YOUR ASSIGNMENT -
Reproduce the full listing below exactly. Do not include the pictures.

PROVIDED ENTRIES -
========

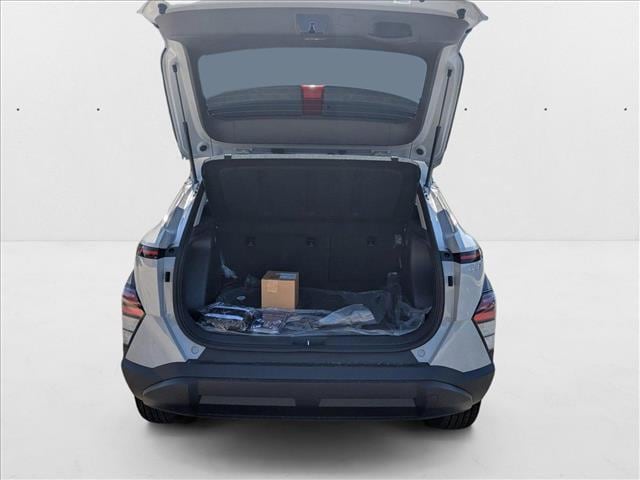2025 Hyundai Kona SEL Convenience - Photo 19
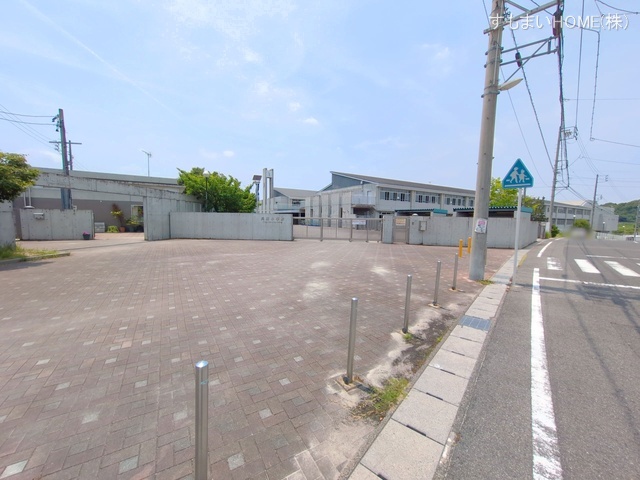 東郷町立兵庫小学校　距離640m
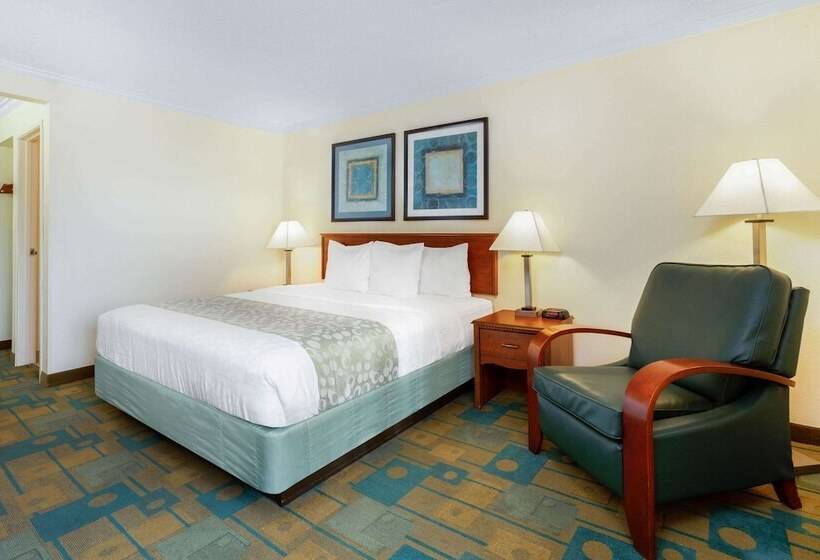فندق La Quinta Inn By Wyndham Chicago Willowbrook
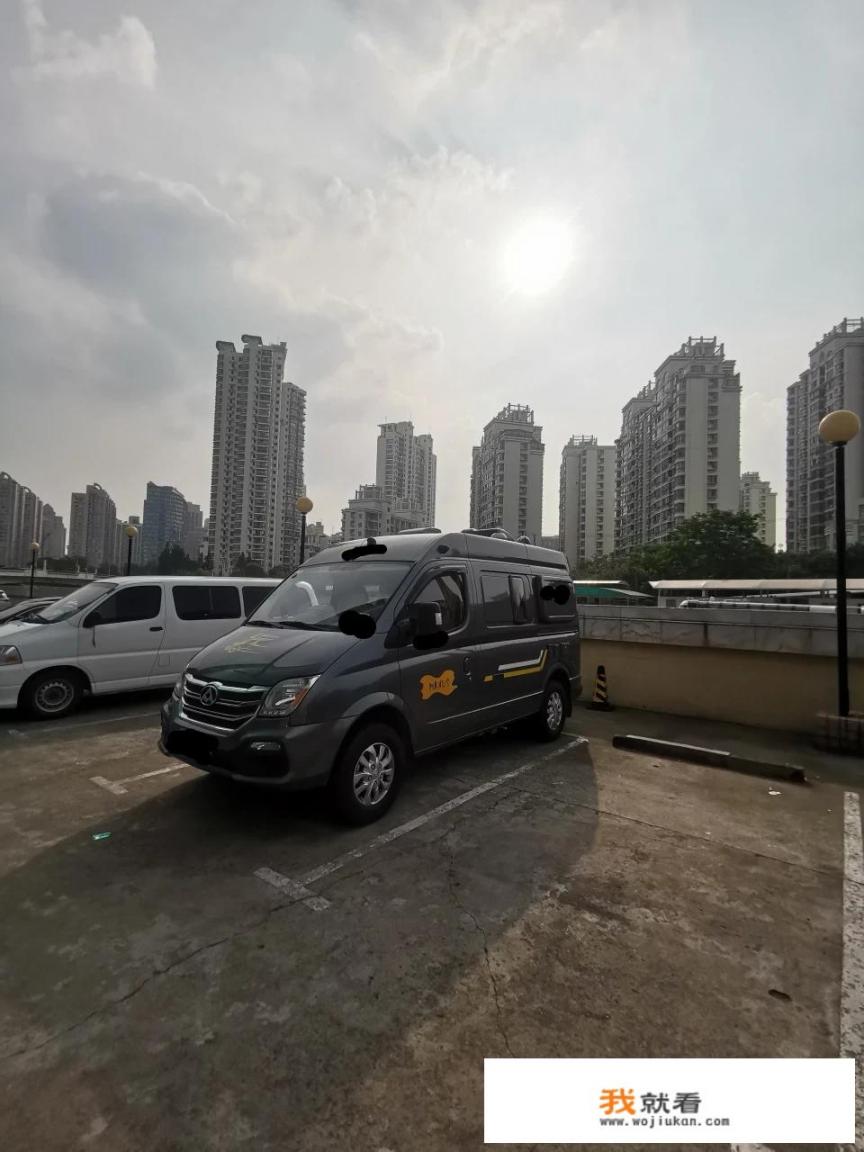 想买一台家庭商务两用的房车，既方便办公，又方便旅行，有没有值得推荐的呢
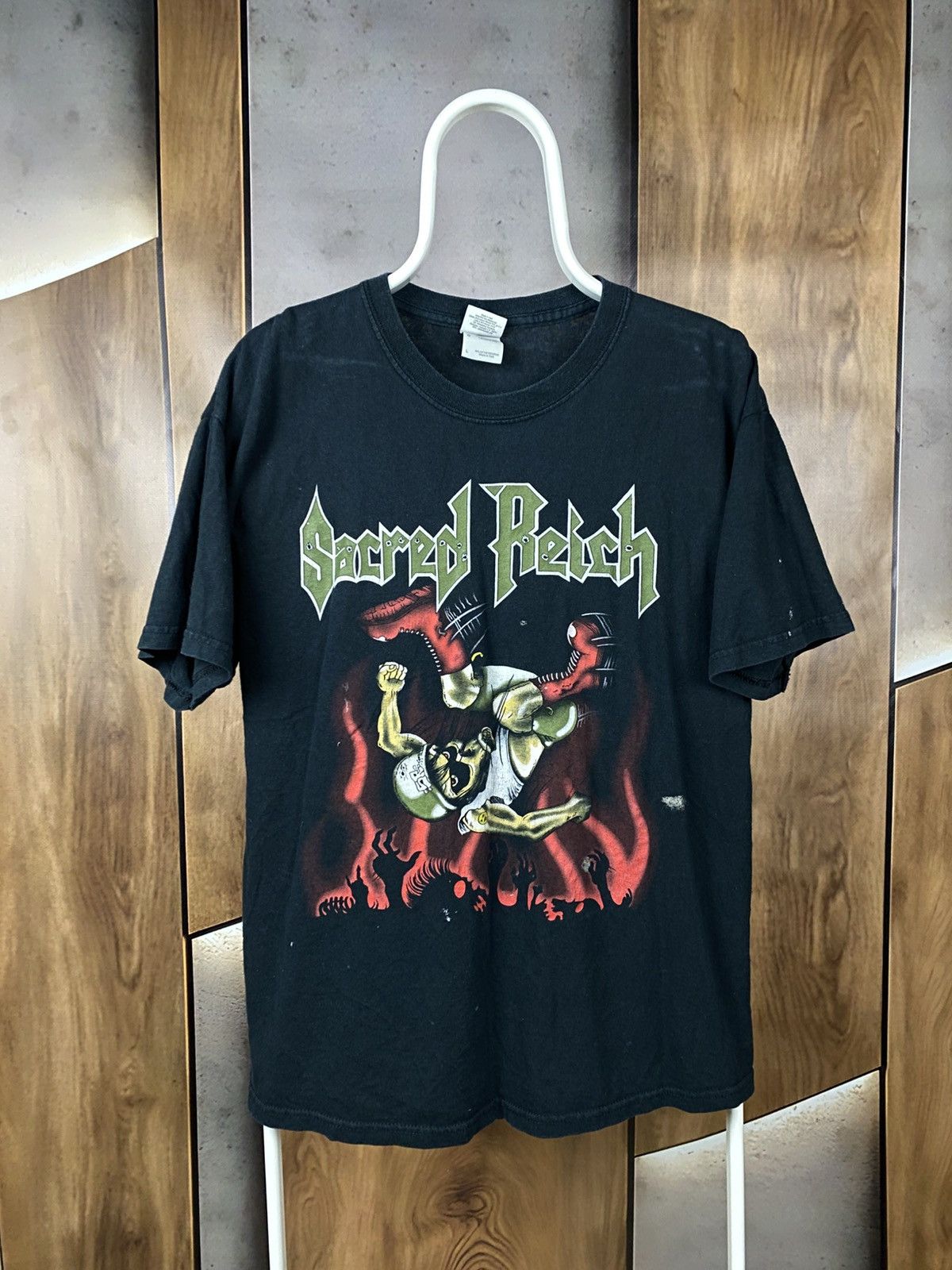 Band Tees 🎸Vintage 2009 T-Shirt Sacred Reich Sumer World Tour Tee🎸 Size US L / EU 52-54 / 3 - 1 Thumbnail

========

ANSWER TO THIS EXERCISE -
2025 Hyundai Kona SEL Convenience - Photo 19
 東郷町立兵庫小学校　距離640m
فندق La Quinta Inn By Wyndham Chicago Willowbrook
 想买一台家庭商务两用的房车，既方便办公，又方便旅行，有没有值得推荐的呢
 Band Tees 🎸Vintage 2009 T-Shirt Sacred Reich Sumer World Tour Tee🎸 Size US L / EU 52-54 / 3 - 1 Thumbnail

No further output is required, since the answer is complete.